__INFORMATION SHOWN__:
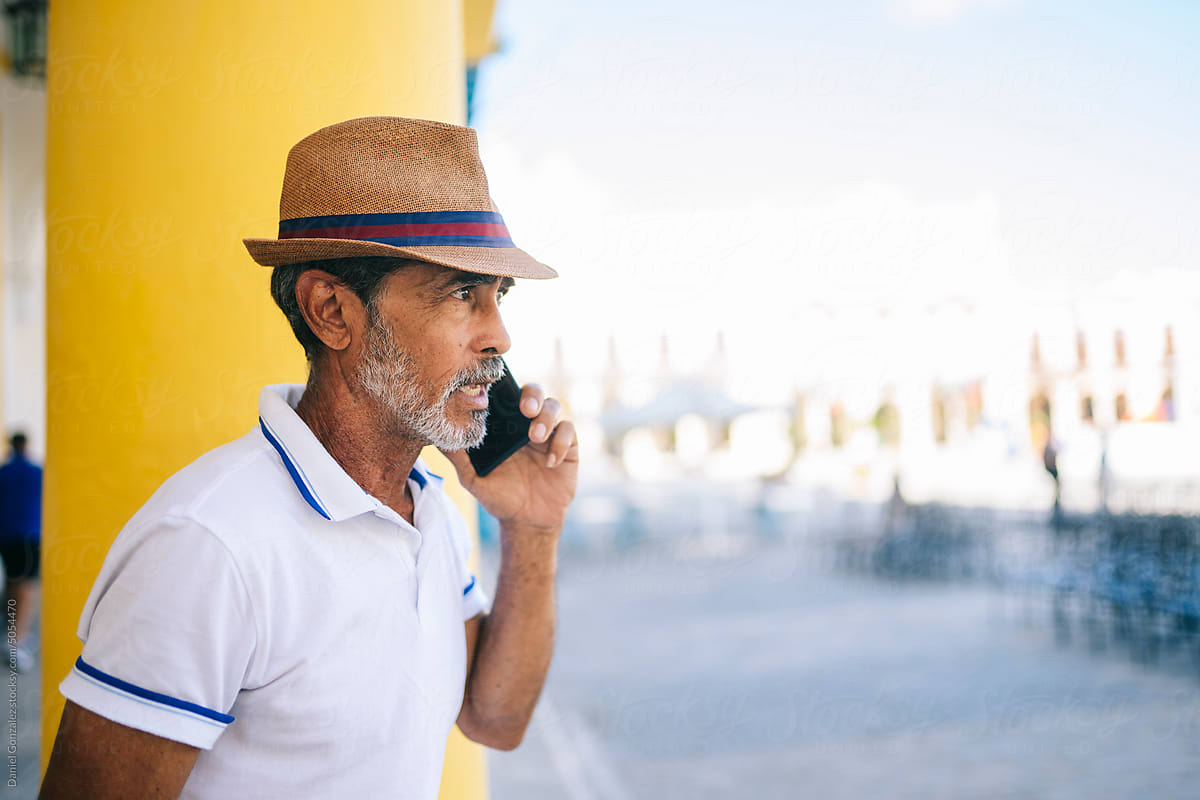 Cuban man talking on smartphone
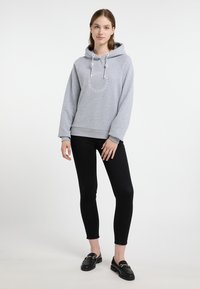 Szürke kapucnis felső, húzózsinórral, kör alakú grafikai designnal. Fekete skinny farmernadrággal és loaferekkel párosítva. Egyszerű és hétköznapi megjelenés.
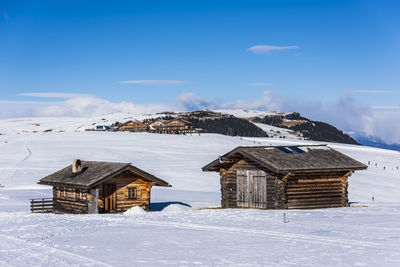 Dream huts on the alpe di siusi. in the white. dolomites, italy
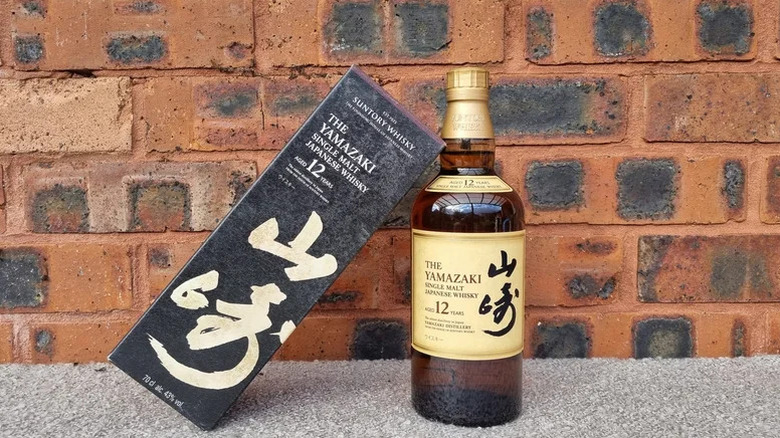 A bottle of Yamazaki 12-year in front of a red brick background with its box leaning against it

__WORK TO BE COMPLETED__: Leaving the pictures aside, transcribe the entire listing exactly.

__SOLUTION TO THIS EXERCISE__:
 Cuban man talking on smartphone
 Szürke kapucnis felső, húzózsinórral, kör alakú grafikai designnal. Fekete skinny farmernadrággal és loaferekkel párosítva. Egyszerű és hétköznapi megjelenés.
 Dream huts on the alpe di siusi. in the white. dolomites, italy
 A bottle of Yamazaki 12-year in front of a red brick background with its box leaning against it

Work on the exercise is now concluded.